April 9, 2024 | Composting, Contamination, Soil Health

Inequities In Urban Composting

Top: Urban community garden overlooking the New York City skyline. Photo by Nora Goldstein

A paper published in November 2023 in Environmental Health Perspectives maintains that compost produced from urban food and yard waste may contain contaminants such as pesticides, lead dust and PFAS that are harmful to humans and the environment, compromising the benefits derived from compost use in urban agriculture. “Coordination of urban waste stewardship and food production can build food security while also mitigating and adapting to climate change, though current waste and food systems are often politically, financially, and logistically siloed,” writes lead author Samantha Hall, a Boston University PhD student in public health.
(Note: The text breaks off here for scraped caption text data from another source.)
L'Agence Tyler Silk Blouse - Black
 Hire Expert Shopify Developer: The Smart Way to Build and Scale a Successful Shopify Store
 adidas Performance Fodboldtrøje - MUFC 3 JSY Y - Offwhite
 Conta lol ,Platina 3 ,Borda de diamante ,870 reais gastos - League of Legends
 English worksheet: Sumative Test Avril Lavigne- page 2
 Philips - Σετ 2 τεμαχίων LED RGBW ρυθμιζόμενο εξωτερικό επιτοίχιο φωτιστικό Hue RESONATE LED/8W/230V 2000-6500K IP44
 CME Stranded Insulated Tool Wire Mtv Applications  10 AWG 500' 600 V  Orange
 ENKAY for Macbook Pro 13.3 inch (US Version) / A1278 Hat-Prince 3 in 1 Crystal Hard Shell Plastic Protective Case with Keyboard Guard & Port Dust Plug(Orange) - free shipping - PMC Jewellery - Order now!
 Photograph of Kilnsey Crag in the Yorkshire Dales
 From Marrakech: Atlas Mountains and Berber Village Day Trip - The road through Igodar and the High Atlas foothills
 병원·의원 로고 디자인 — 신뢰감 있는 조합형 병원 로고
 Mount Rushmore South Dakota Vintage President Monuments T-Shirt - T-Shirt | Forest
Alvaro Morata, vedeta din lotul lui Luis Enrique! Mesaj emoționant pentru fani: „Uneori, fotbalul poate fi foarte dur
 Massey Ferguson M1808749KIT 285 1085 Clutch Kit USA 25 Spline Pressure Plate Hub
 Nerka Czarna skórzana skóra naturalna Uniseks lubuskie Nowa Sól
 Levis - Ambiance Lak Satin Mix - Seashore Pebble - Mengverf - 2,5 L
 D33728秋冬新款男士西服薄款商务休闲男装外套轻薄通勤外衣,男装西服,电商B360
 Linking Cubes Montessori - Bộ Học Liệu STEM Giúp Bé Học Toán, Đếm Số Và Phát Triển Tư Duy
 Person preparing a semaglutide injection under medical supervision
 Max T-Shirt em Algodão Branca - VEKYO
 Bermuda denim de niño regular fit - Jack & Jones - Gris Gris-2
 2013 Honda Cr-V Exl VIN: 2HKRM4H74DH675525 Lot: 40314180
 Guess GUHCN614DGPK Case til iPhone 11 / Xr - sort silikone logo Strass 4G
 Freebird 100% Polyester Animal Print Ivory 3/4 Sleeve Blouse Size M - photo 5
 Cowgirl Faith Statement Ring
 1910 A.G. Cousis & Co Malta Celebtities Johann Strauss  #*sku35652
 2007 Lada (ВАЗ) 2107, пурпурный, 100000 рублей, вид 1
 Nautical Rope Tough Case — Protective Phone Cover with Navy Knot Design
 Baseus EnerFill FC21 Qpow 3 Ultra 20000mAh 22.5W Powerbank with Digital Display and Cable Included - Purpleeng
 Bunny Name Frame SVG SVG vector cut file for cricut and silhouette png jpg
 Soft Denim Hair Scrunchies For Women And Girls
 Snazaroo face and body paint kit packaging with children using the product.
The research team conducted case studies on waste-to-compost activities and legislation in Boston, Seattle, San Francisco, and New York City. Interviews with community gardeners and growers examined how the cities sourced, collected, processed, tested, and delivered urban organic waste as compost for urban agriculture. Inequities observed are partially borne from redlining and other historically marginalizing practices that led to loss of land and food inequality among communities of color, the authors write, arguing that “justice-oriented policy planning efforts must incorporate proper waste disposal.” To address the inequities, they recommend that cities should embrace multilingual and multimedia communication and education about composting to community farmers and growers, and encourage policymakers to engage with volunteer garden coordinators and community organizers who can advocate for gardeners’ needs.